SkyTrain’s snow plan

The snowy 29th Avenue SkyTrain station on Dec. 24, 2008. Photo courtesy kind reader Bill Kinkaid!
The snowy 29th Avenue SkyTrain station on Dec. 24, 2008. Photo courtesy kind reader Bill Kinkaid!

In the comments from the first entry of 2009, readers Dan, Sungsu and Coffee Barista were interested in seeing the snow plans from SkyTrain and CMBC.

CMBC is still working on getting us their plan, but SkyTrain has sent along their plan to me already. So here it is!

SkyTrain’s Snow Plan

SkyTrain has developed its Snow Plan for dealing with moderate to heavy snowfalls based on experience gained in past incidents of bad weather, where post incident reviews have identified ways to keep the system operating as reliably as possible.

Each severe weather incident brings a new set of conditions and, as such, the Snow Plan is constantly under review and being refined.

As a result of this ongoing effort, SkyTrain is more resilient now than in the past, when conditions not as severe as those experienced in recent days resulted in a total shut down of the system.

Purpose of the Snow Plan

SkyTrain’s Snow Plan involves preparations that are made when there is a likelihood of significant snowfalls. It also includes specific responses designed to maintain service.

SkyTrain Snow Plan Summary

Alert I – Applicable if unpredicted snowfall occurs in higher elevation locations but is not predicted to continue or accumulate more than 5cm.

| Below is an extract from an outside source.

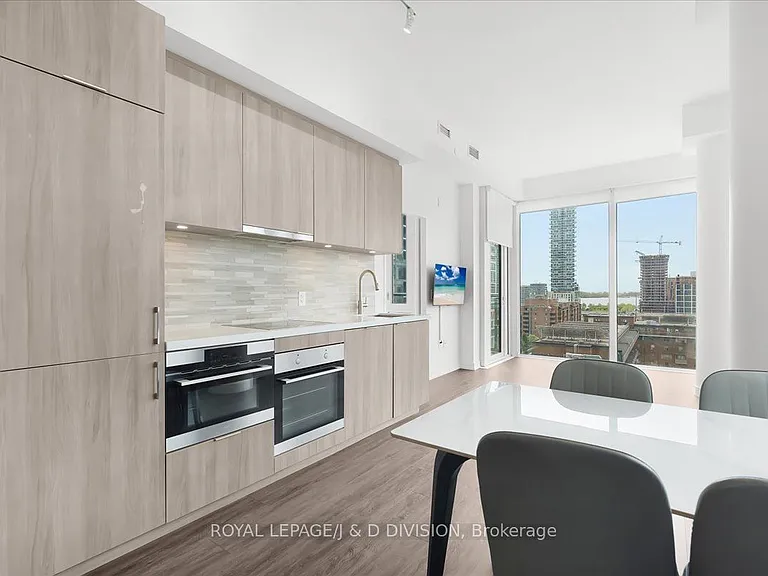 158 Front St E #1018 — Photo 12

  • Objectives for the system are defined…number of trains targeted to be in service and the frequency of service
  • Plans are made to prepare to call out extra staff for station staffing, maintenance, snow clearing, as required

Alert II – Applicable with 12 or more hours notice of snow or frozen rain

  • Snow clearing equipment and de-icing materials are checked and replenished
  • Additional staff are called in
  • De-icing trains are prepared
  • Snow removal staff are placed on notice

Stage 1 – Applicable upon forecast of continued snowfall with accumulations greater than 5cm, within 12 hours

  • A Snow Manager, is identified a the senior contact responsible for service level authorization and to ensure timely and effective Snow Plan activities are implemented
  • Track switch heaters are activated
  • De-icing trains are operated as necessary
  • Additional staff are called in to support operations and maintenance activities
  • Snow Clearing equipment is pre-positioned as required

Stage 2 – Applicable when snow begins to accumulate

  • If necessary, track intrusion detection systems are disabled and attendants are positioned at platform level in the station or, onboard trains in the front end
  • Snow Clearing activities commence
  • Maintenance staff are positioned in critical locations for faster response to issues
  • Snow Trains are prepared for overnight running to keep tracks clear
  • Fewer, but longer trains may be operated depending on extent of snow
  • De-icing activities continue as needed

Stage 3 – Applicable when operational difficulties continuously affect normal operations

  • Longer trains are operated
  • Service levels adjusted as necessary
  • Additional maintenance staff are positioned throughout the system
  • Trains may be stored in tunnels overnight to keep them warm and snow-free
  • Snow Trains continue to run
  • SkyTrain Attendants now ride each train in service to monitor the tracks and, if necessary, to drive the train manually.
  • Technical staff is available 24 hours a day to attend to any problems

Stage 4 – Applicable when extensive operational difficulties prevent the safe operation of service

  • Snowfalls and accumulations that are so severe that passenger or system safety is compromised will result in suspending all operations until conditions improve.